=== ENTRIES SHOWN ===

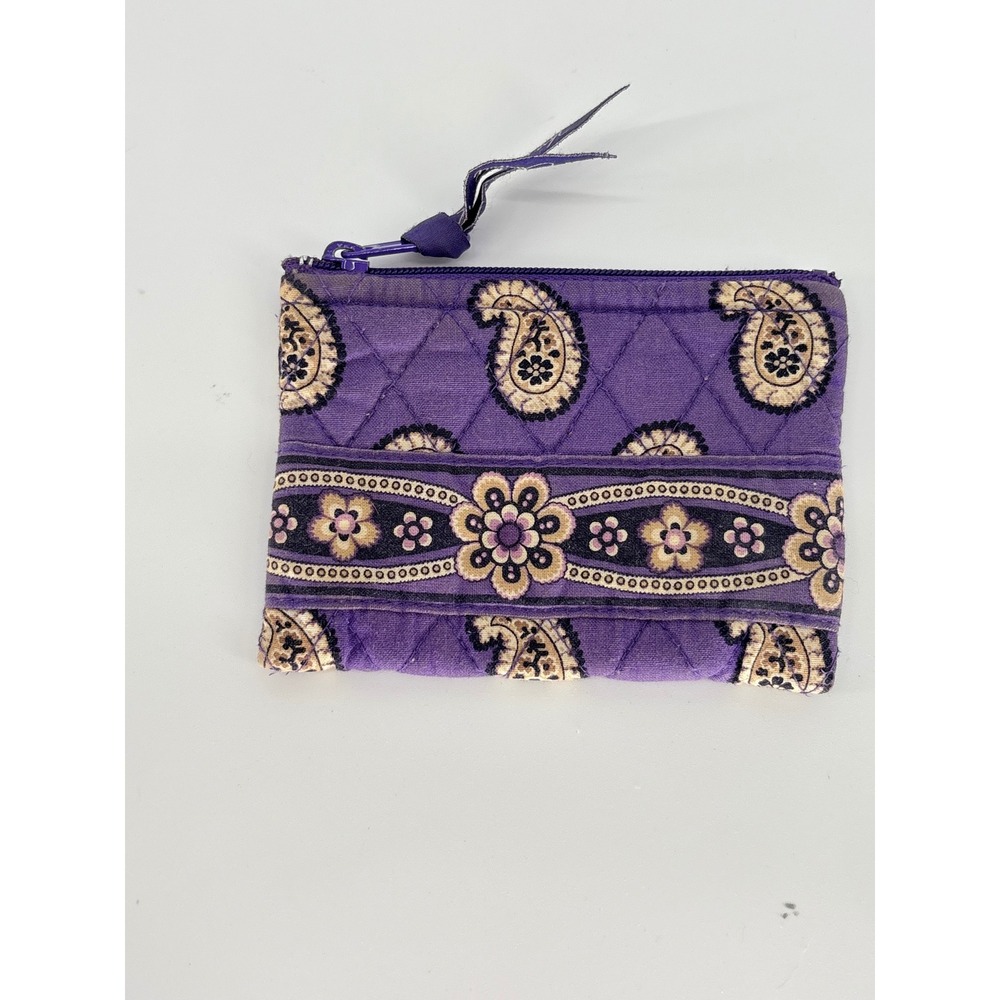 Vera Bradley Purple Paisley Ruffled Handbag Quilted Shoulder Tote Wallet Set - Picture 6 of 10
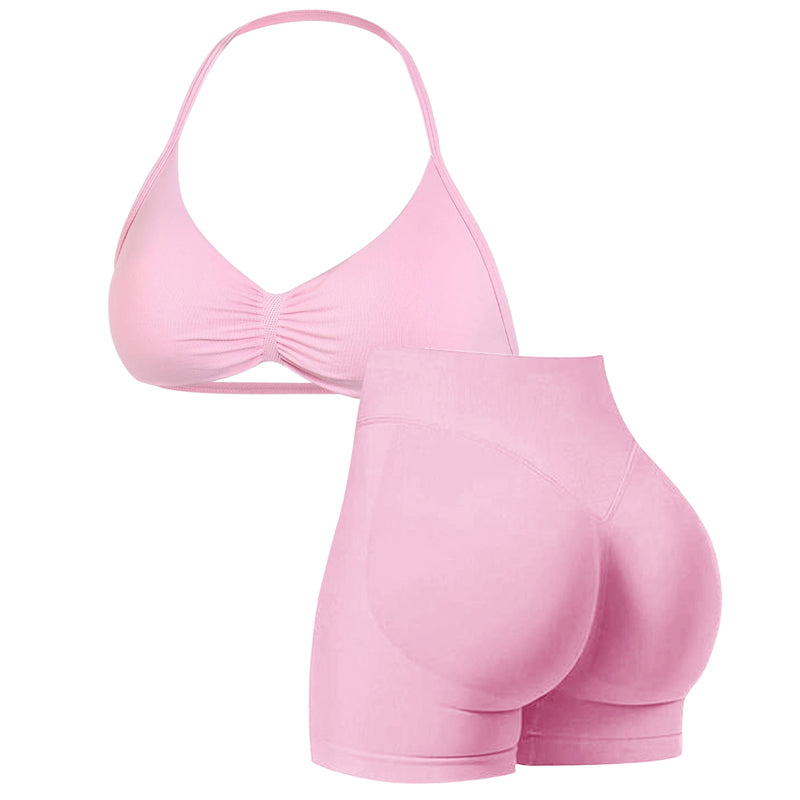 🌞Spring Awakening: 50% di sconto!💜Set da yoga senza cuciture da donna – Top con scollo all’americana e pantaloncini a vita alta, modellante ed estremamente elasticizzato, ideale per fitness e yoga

===
=== ENTRIES SHOWN ===

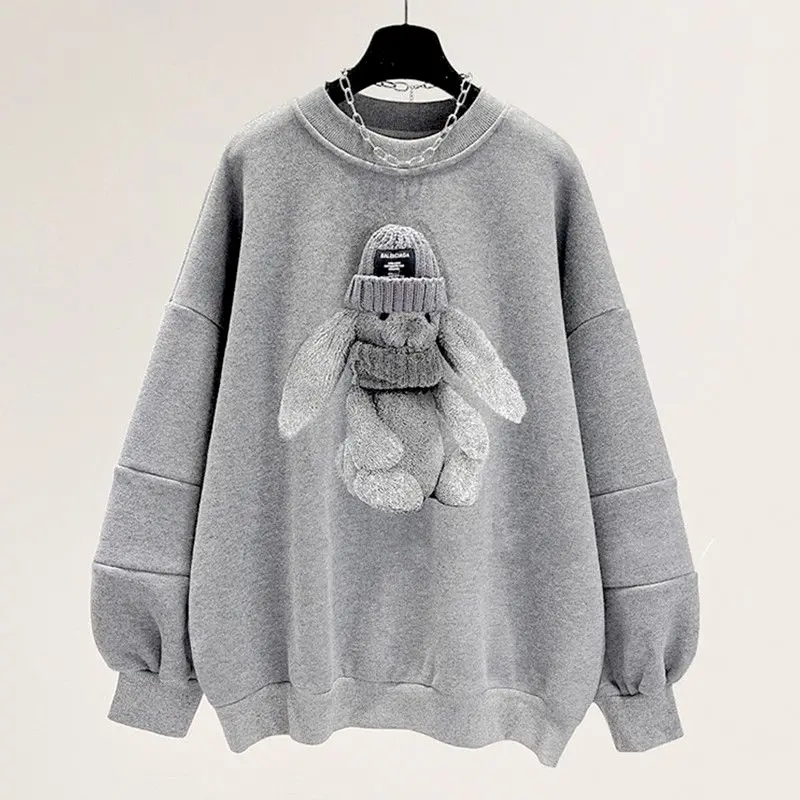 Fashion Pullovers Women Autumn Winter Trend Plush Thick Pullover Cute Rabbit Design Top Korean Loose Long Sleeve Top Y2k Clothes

===

▶ _EXERCISE OBJECTIVE_:
Skipping the pictures, print the lines in the listing above exactly as written, starting at the line with "Vera Bradley Purple" and ending at the line with "fitness e yoga", both included.

▶ _RESPONSE_:
 Vera Bradley Purple Paisley Ruffled Handbag Quilted Shoulder Tote Wallet Set - Picture 6 of 10
 🌞Spring Awakening: 50% di sconto!💜Set da yoga senza cuciture da donna – Top con scollo all’americana e pantaloncini a vita alta, modellante ed estremamente elasticizzato, ideale per fitness e yoga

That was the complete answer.